Mir ist das nur gestern eingefallen, weil: Meine Schüler (gestern war ich beim Bowling mit meiner Mo-Mi-Gruppe (ich hab verloren)) interessieren die groserías natürlich immer am allermeisten, und in diesem Zusammenhang ist mir aufgefallen, dass das mit "Scheiß-..." im Spanischen überhaupt nicht funktioniert; sie verwenden kaum Ausdrücke mit Fäkalien (dafür alles mit chingar). Wir verwenden dafür fast ausschließlich Ausdrücke mit Fäkalien... oder?
Hm.
Worin das wohl seinen Ursprung hat ...?

Ahh, der heutige Tagesgewinner der Kategorie "Saublöde Fragen stellen" ist...:
Ein Kerl, der gefragt hat:
Hat das Suffix "schaft" (in Wörtern wie Gemeinschaft, Gesellschaft, etc) eigentlich was mit SCHAF zu tun?
Ja, Mann. Ich bin mir sicher. gemein Schaf t auf jeden Fall. Auch plausibel klingt Mutter Schaf t.

Mittwoch, 15. März 2006

Cosmovitral Toluca - botanischer Garten

Der Puma - sagt mir, dass ich kein schlechtes Gewissen haben muss, weil ich das hier aufschreibe. Sagt mir, das ist Dienst für die Menschheit.

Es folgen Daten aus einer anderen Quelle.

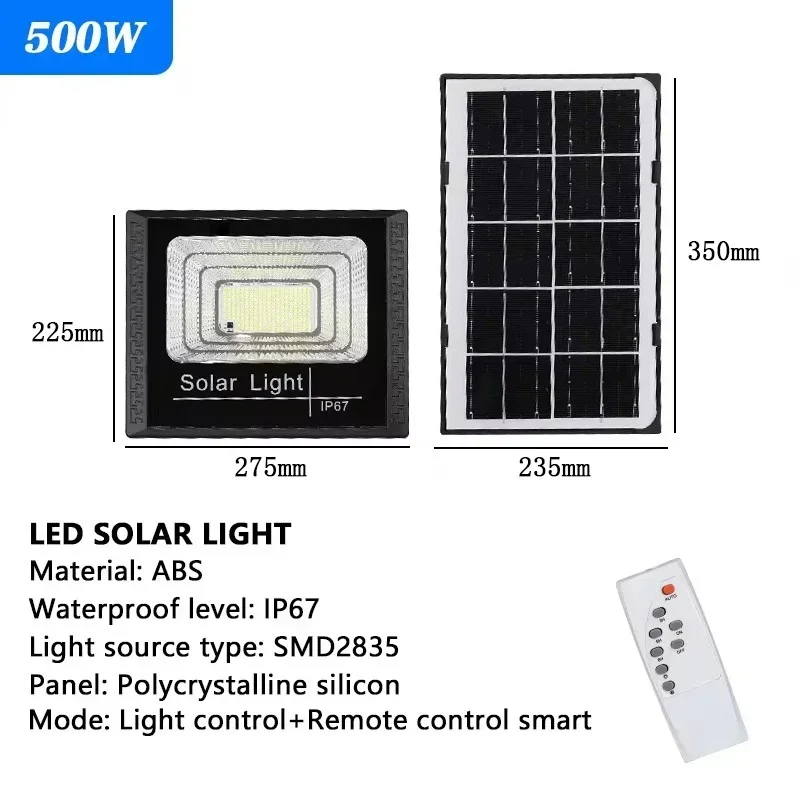 30/50/100/200/300/500W Solar Outdoor Lights High Brightness Waterproof Street Lamp Led Powered Sportlight with Remote Control 6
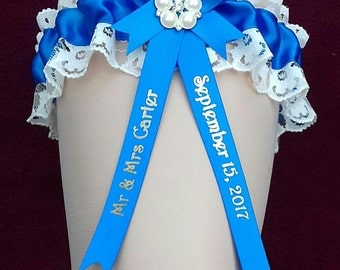 Something Monaco Blue Personalised Wedding Garter with Lucky Sixpence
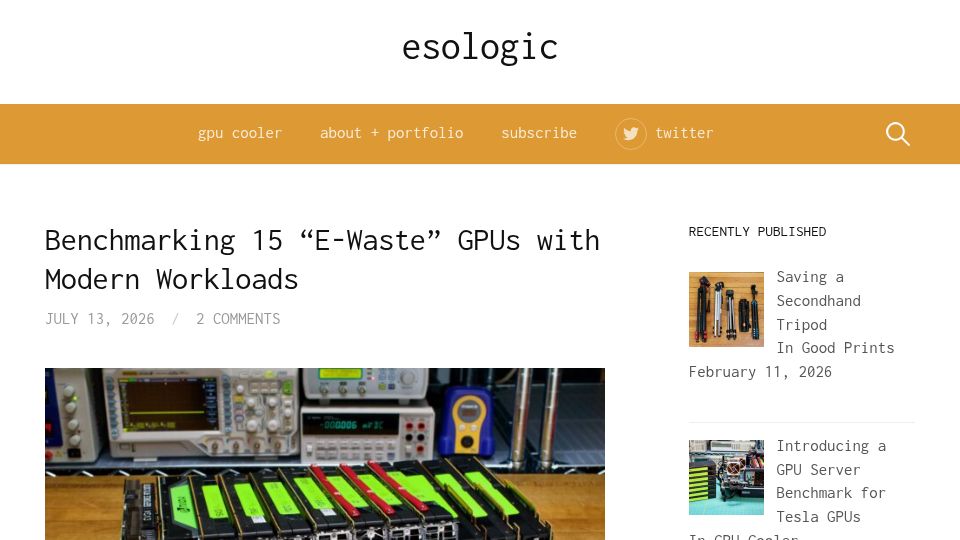Screenshot of esologic.com: Benchmarking 15 “E-Waste” GPUs with Modern Workloads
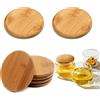 Generic Set di 6 Coperchi in Bambù da 82 mm - Riutilizzabili per Barattoli, Lattine di Birra e Tazze in Ceramica - Legno Naturale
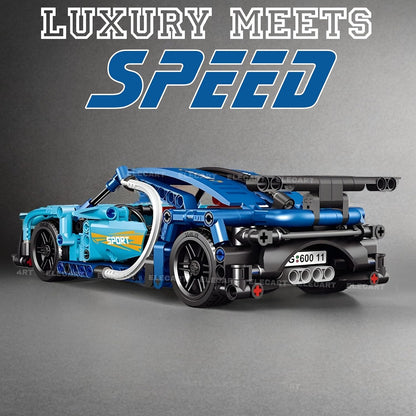רכב ספורט להרכבה על שלט Block RC Car כחול 395 חלקים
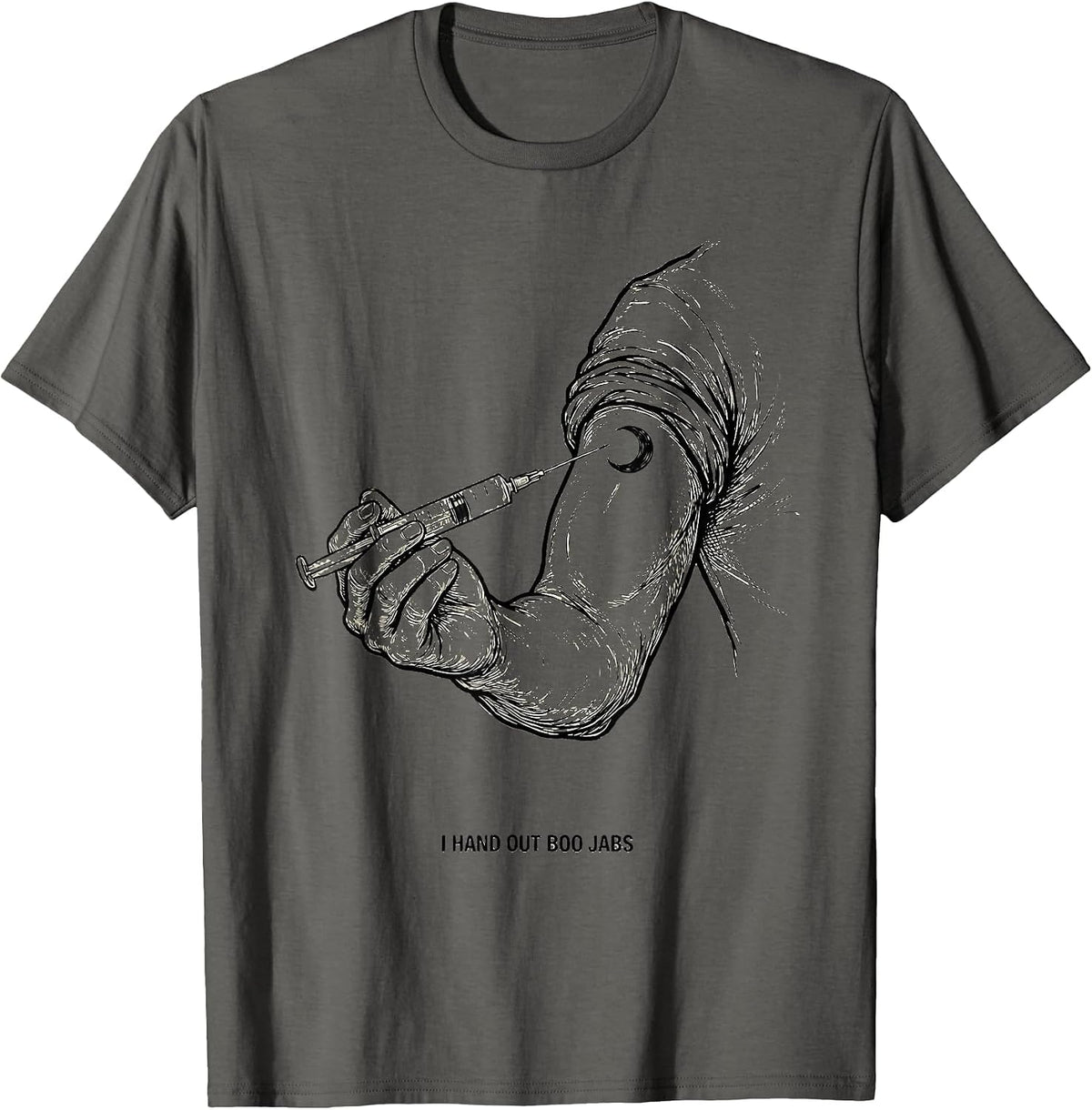 I Hand Out Boo Jabs Funny Nurse Ghost Halloween Vaccine T-Shirt - Asphalt Grey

Der Puma – ein elegantes, atemberaubend schönes Tier, das sich geschmeidig und behände bewegt und seinen Gegnern allein durch seine eindrucksvolle Erscheinung Respekt und Furcht einflößt. Er ist Herr seines Reiches und lässt sich von nichts und niemandem Angst einjagen. Kraftvoll und mit bebenden Waden setzt er zu einem gewaltigen Sprung ab, um seine Beute zu überwältigen, als plötzlich ...

... Moment, hat ja gar nix mit der Geschichte zu tun, die ich erzählen will.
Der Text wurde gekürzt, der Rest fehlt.